The solution is depicted as the following figure. The oscillation is enveloped with the decaying function $$e^{-\gamma t}$$. Therefore, for each period $$T = \frac{2\pi}{\sqrt{\omega_0^2 - \gamma^2}}$$, the amplitude decreases by a factor $$e^{-\gamma T}$$. From measuring the decay rate of the amplitide, we may estimate $$\gamma$$, and the damping coefficeint $$b = 2 m \gamma$$.

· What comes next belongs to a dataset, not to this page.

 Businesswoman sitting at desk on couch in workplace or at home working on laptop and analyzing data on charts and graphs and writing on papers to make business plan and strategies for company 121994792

You then may convert the damping coefficient to the speed-dependent dragging coefficient (for low speed): \begin{align*} F_d &= b v = \frac{1}{2} \rho C A v^2.\\ C&= \frac{b}{\rho A v} \end{align*} where $$\rho$$ is the density of the air, $$A$$ the cross-section area of the oscillator, and $$C$$ the dragging coefficient. The reference speed $$v$$ may use the average speed $$= \frac{1}{2} v_{max} = \frac{1}{2} \omega x_0$$. • Thanks a lot for your response. Is the damping coefficient the same thing as the drag coefficient? Jul 21 '21 at 9:38
• Yes. You may consider it as the first order approximation.
– ytlu
Jul 21 '21 at 15:12
• Edited. Adding the relation between the damping coefficient and the dragging coefficient.
– ytlu
Jul 21 '21 at 18:16
• The reference speed $v$ may use the average speed $= \frac{1}{2} v_{max} = \frac{1}{2} \omega x_0$ Where does the relationship for average speed come from? Oct 25 '21 at 22:39

The main issue here is that $$F_{\rm drag} = -\beta |v| v$$ where as $$F_{\rm damp} = -c v$$ and therefore you have a non-linear vibration problem that is not the same as the linear vibration problem of damping.

A secondary problem is that the spring itself has some damping associated with it and a fraction of the spring stores kinetic energy which as to be accounted for when fitting a model to the data.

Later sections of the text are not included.